Pediatric prepubertal testicular tumors are dramatically different from adult neoplasms. Germ-cell tumors account for only 60-77% of testicular tumors in children but account for 95% of testicular tumors in adults. [2] Adult germ-cell tumors with malignant potential, such as seminoma and embryonal carcinoma, are not present in prepubertal patients.
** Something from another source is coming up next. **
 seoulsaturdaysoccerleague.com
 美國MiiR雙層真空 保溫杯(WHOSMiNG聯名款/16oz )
Teratomas, which are uniformly benign in children, are often malignant in adults.

The 2016 update of the World Health Organization (WHO) classification of testicular germ-cell tumors divides them into two broad categories on the basis of whether they are derived from a precursor lesion: germ-cell neoplasia in situ (GCNIS). [3] Prepubertal tumors are non-GCNIS-derived, whereas postpubertal tumors are GCNIS-derived, though benign prepubertal-type teratomas may rarely develop in the postpubertal testis.

The most common germ-cell tumors are yolk-sac tumors and teratomas, which were reported by Ross to account for about 62% and 26% of testis tumors, respectively. [4, 5] Nistal et al reported frequencies of 49% for yolk-sac tumors, 13% for teratomas, 9% for seminomas and mixed germ-cell tumors, and 29% for sex-cord stromal tumors. [6]
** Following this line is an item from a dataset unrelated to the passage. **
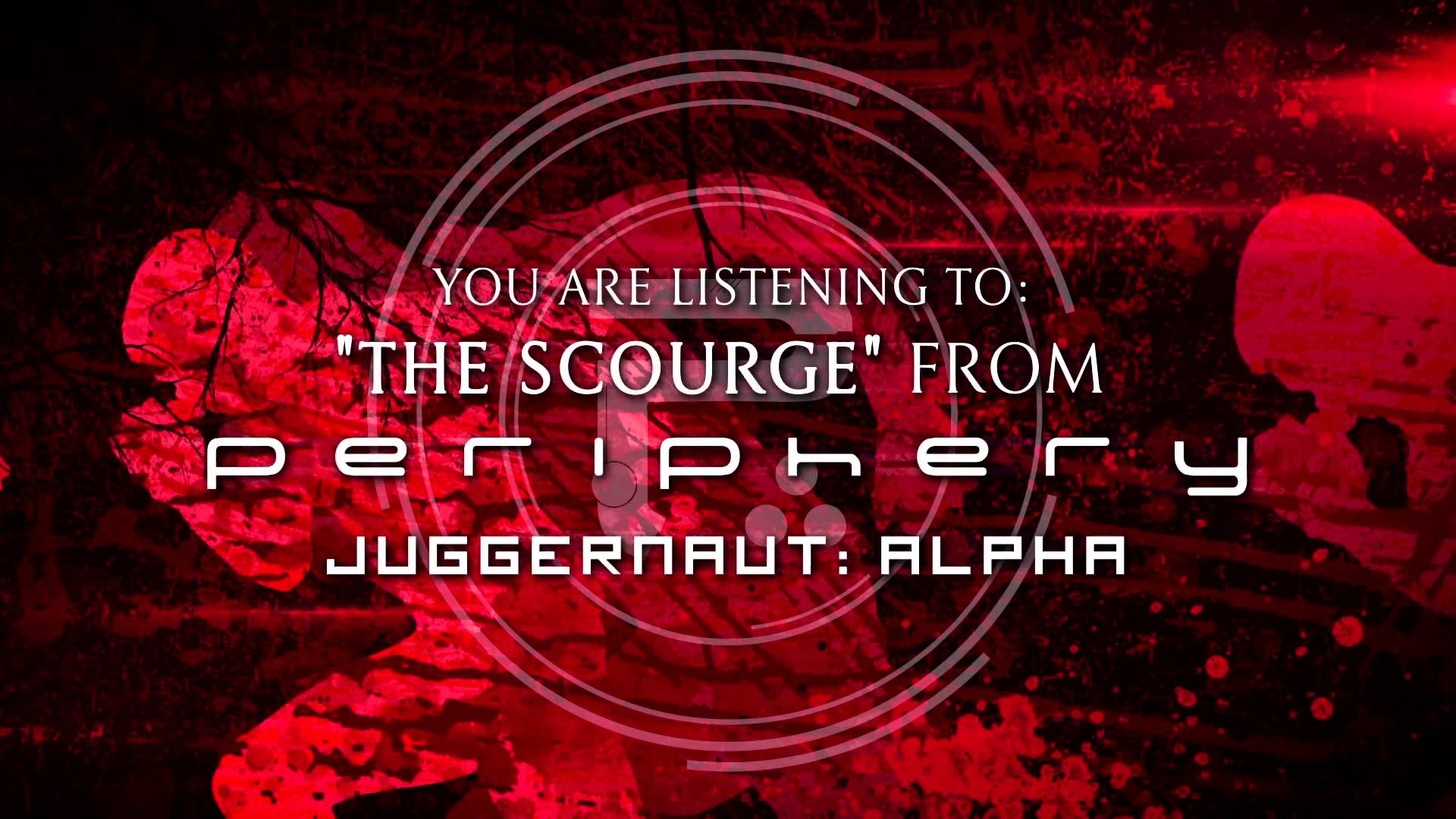 Periphery The Scourge Lyrics - Graphic Design , HD Wallpaper & Backgrounds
Some series have suggested that teratomas, which most believe are vastly underreported because of their benign nature, may account for almost 50% of prepubertal testicular tumors. [7] However, in tumor registries, yolk-sac tumors have been more common than teratomas, though it is possible that this may reflect a reporting bias. [4, 8, 9]

Gonadal stromal tumors are generally considered significantly less common than germ-cell tumors and primarily include juvenile granulosa-cell tumors, Leydig-cell tumors, and Sertoli-cell tumors.

The vast majority (85%) of yolk-sac tumors in children present as clinical stage I disease, compared with only 35% in adults. [10]  Alpha-fetoprotein (AFP) can be used as a reliable tumor marker because levels are increased in more than 90% of yolk-sac tumors. Therefore, patients can be safely managed with observation after orchiectomy followed by chemotherapy for recurrent tumors. [11]  Retroperitoneal lymph node dissection is reserved for children with persistent retroperitoneal lymphadenopathy or increased serum tumor markers after orchiectomy and chemotherapy.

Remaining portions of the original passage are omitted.